The Experience of the Greek-Orthodox Minority of Istanbul on the issue of present Conference being the “Bridge Builiding and Integration”, during the last Century, has been a most painful one since in numerous cases anti-minority measures by past Goverments of Republic of Turkey, during the period 1923-2003, were exersized in the name of foreign relations of Turkey. The justification of anti-minority measures was based on the ungrounded so called principle of “Reciprocity” according which a State can punish a minority community considered to be somehow related to a foreign state. In this context non-Muslim minorities were named to be “Foreign – Citizens”, such as in the ruling of Higher Court Yargitay on the issue of Minority Welfare Foundations in 1974 opening to mass scale seizure of their real estate properties which is still an open issue.
The legal status of the Minority was established and placed under the protection of the International Treaty of Lausanne (24/7/1923). Even though the Treaty enabled the foundation of the Republic of Turkey, nevertheless the minority has experienced extensive violations of their human and religious rights during the period 1923-2003. The most severe violations towards the ethnic minority were: (a) the mobilization to work battalions of 18-45 aged minority men in 1941, (b) the “welfare tax” of 1942-44 aiming the economic destruction of minorities, (c) the massive scale Pogrom of the 6-7 September 1955 in Istanbul, one of the most severe massive scale violence in post War Europe, (d) the forced deportation of members of the Greek Community of Istanbul holding the Etablis status according to Lausanne Treaty. Furthermore, the anti-minority state measures were strengthened after the Coup de Etat of 1960 by the establishment of the “Special Minority Commission (Azinliklar Taali Komisyonu)” with superseding powers of all executive, legislative and judicial authorities and whose members were primarily selected from the state security services until 2004. All the above violations happened, despite the fact that the Republic of Turkey endorsed the European Convention of Human Rights as early as 1954.

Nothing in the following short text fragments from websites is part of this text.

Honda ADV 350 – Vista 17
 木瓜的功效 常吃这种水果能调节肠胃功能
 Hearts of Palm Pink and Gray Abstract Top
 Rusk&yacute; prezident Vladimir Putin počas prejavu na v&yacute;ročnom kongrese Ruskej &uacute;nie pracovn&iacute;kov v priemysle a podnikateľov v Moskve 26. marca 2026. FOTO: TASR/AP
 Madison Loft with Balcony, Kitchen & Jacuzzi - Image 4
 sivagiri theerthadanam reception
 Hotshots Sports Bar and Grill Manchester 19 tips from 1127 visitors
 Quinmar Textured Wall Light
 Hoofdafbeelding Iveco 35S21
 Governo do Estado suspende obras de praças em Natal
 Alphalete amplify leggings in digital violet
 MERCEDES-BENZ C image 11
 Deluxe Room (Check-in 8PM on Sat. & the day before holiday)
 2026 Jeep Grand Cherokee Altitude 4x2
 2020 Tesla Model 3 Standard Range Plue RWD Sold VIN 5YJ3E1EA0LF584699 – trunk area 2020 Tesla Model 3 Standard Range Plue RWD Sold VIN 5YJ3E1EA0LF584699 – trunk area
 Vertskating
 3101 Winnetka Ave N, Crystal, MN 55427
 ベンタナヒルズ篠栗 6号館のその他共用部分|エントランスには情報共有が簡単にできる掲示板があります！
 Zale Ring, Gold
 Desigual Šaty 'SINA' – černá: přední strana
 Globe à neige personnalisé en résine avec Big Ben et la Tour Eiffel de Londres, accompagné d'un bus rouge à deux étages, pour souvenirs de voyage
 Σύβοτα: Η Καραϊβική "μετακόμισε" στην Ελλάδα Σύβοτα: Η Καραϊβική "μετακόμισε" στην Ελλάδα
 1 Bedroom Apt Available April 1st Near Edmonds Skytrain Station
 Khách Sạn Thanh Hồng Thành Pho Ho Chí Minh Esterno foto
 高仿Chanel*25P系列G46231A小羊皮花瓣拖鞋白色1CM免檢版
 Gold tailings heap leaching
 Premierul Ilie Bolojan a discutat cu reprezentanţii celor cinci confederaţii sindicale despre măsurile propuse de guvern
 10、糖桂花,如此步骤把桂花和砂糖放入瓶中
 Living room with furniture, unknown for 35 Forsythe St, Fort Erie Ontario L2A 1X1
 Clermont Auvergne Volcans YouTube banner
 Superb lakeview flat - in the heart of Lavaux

However a careful analysis of the above mentioned gross scale violations of Human Rights shows that in priciple these have its origin of nation-state metality considering any minority, some of them more, a potential threat to state security. Certainly anti-minority measures are the other side of the coin of anti-democratic state policies. Therefore the respect of minority rights should be considered as criteria of assessing the respect of democracy and more of human rights by a state.
Finally it is important to emphasize the vital importance of states to endorse the principles of the U.N. Resolution 60/147 on the Basic Principles and Guidelines on the Right to a Remedy and Reparation for Victims of Gross Violations of International Human Rights Law and Serious Violations of International Humanitarian Law. The Greek-Orthodox Community of Istanbul, because of the above mentioned anti-minority measures, presently is living as an Expatriate Community to an extend 98% of its population and only 2% of members are living in Istanbul.
In conclusion, considering the severe depletion of the population of the Community because of the above-mentioned anti-minority measures, it is imperative that the Government of Republic of Turkey should expedite the proposed remedy and reparation measures towards the Greek-Orthodox Community of Istanbul. This requires a careful review and implementation of the proposals submitted by the EFC to the authorities of the Republic of Turkey, and a speeding up of the process to achieve concrete results.